When duplicating the records beneath this instruction, omit every picture and keep all else exact.

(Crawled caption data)
---------------

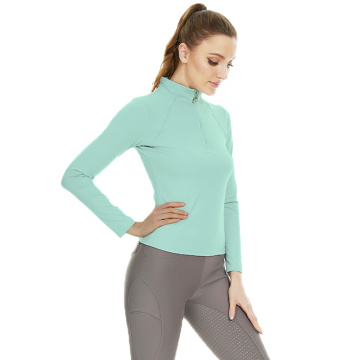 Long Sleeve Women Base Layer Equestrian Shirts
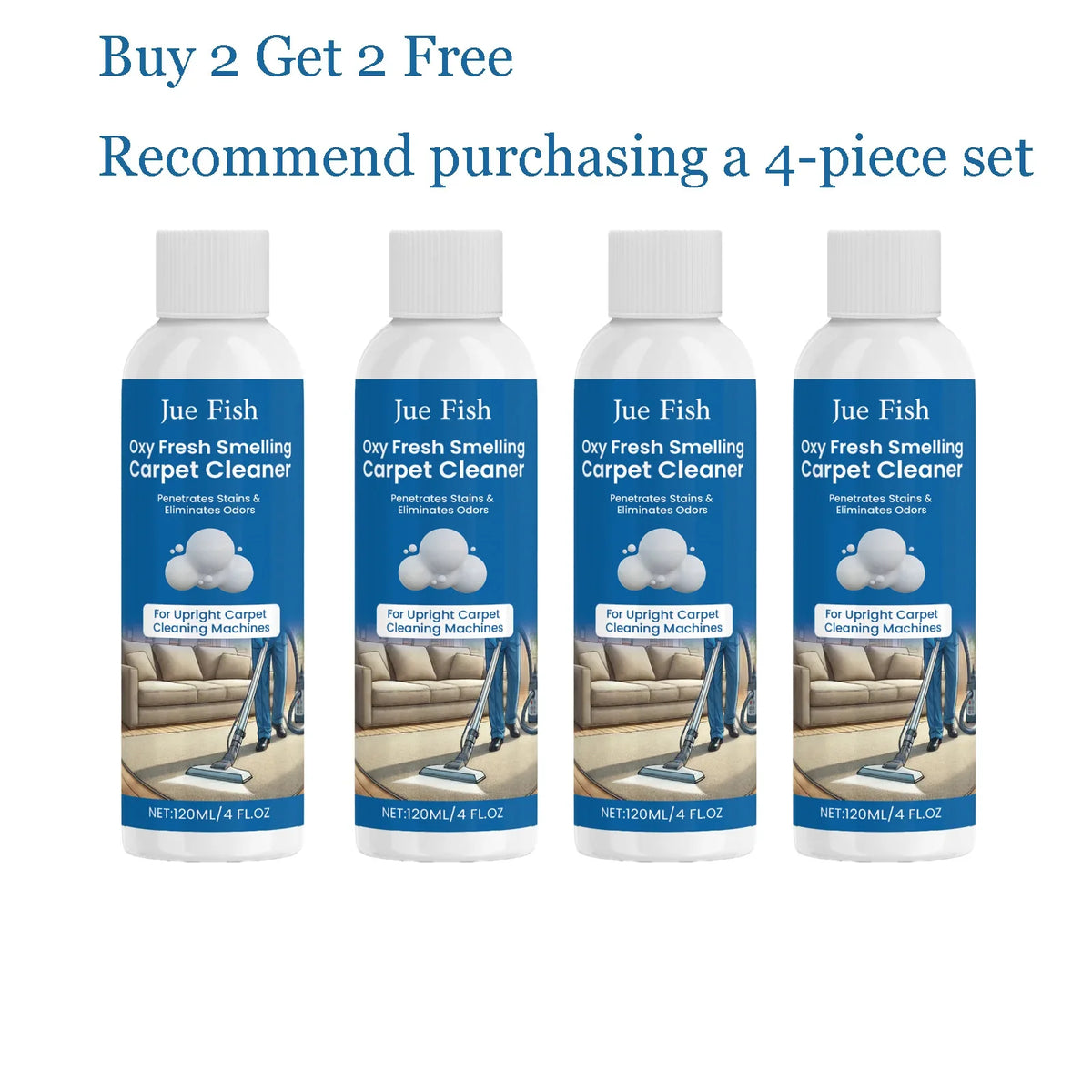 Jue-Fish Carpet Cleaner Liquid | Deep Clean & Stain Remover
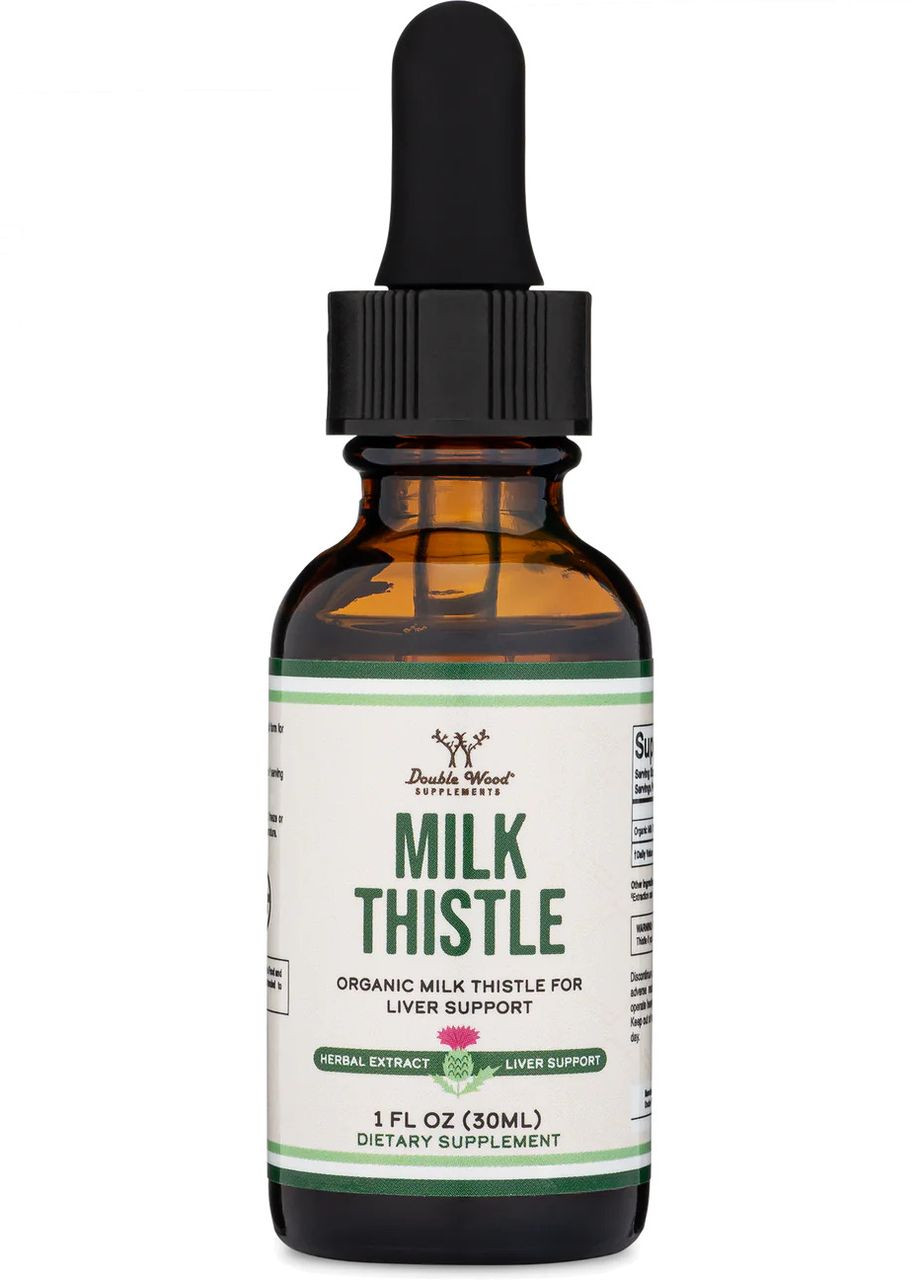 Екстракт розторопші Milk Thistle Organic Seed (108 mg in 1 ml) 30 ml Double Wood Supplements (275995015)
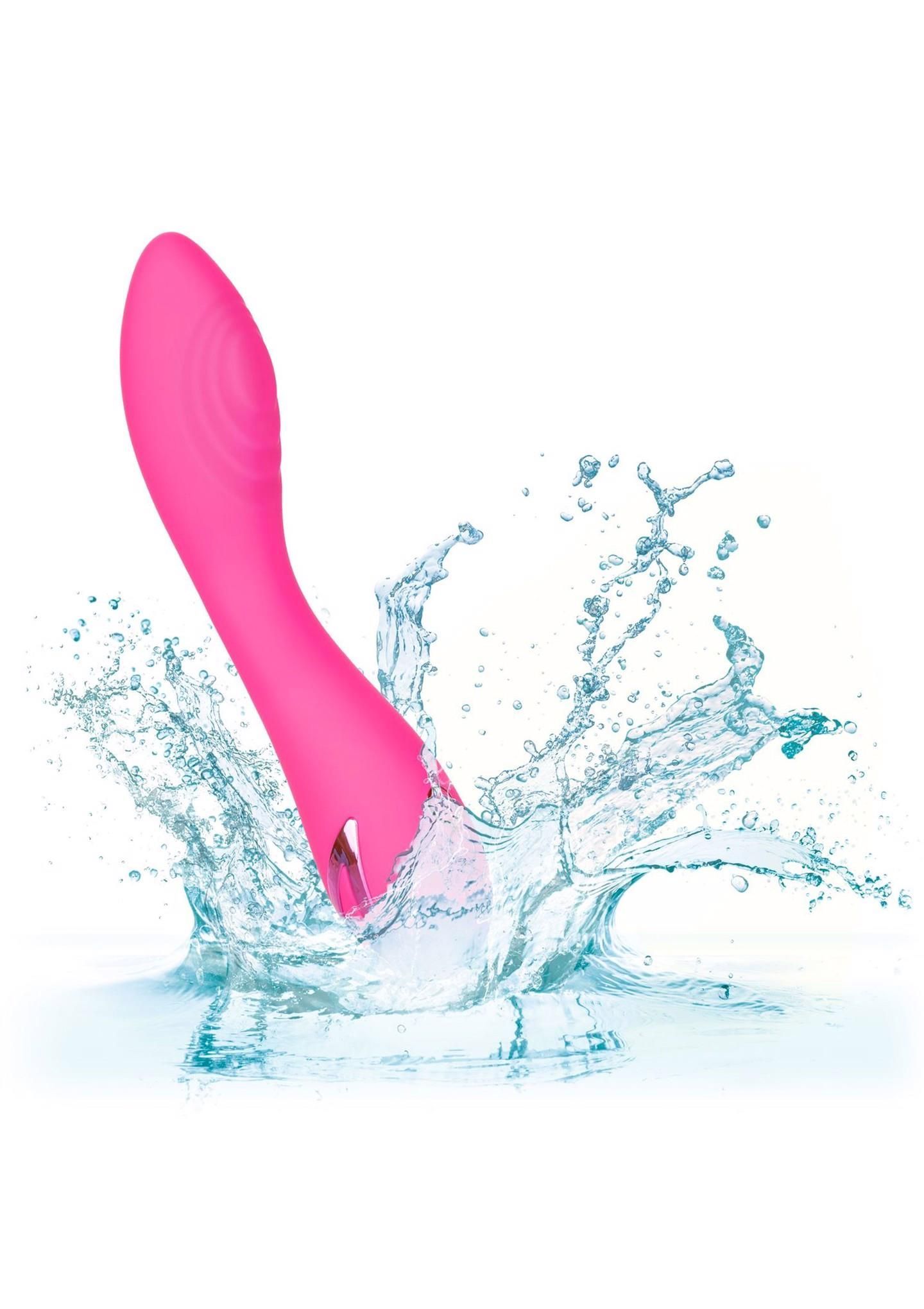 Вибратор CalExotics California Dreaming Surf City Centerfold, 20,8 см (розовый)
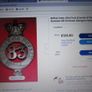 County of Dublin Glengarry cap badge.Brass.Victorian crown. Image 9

---------------

» Output:
 Long Sleeve Women Base Layer Equestrian Shirts
 Jue-Fish Carpet Cleaner Liquid | Deep Clean & Stain Remover
 Екстракт розторопші Milk Thistle Organic Seed (108 mg in 1 ml) 30 ml Double Wood Supplements (275995015)
 Вибратор CalExotics California Dreaming Surf City Centerfold, 20,8 см (розовый)
 County of Dublin Glengarry cap badge.Brass.Victorian crown. Image 9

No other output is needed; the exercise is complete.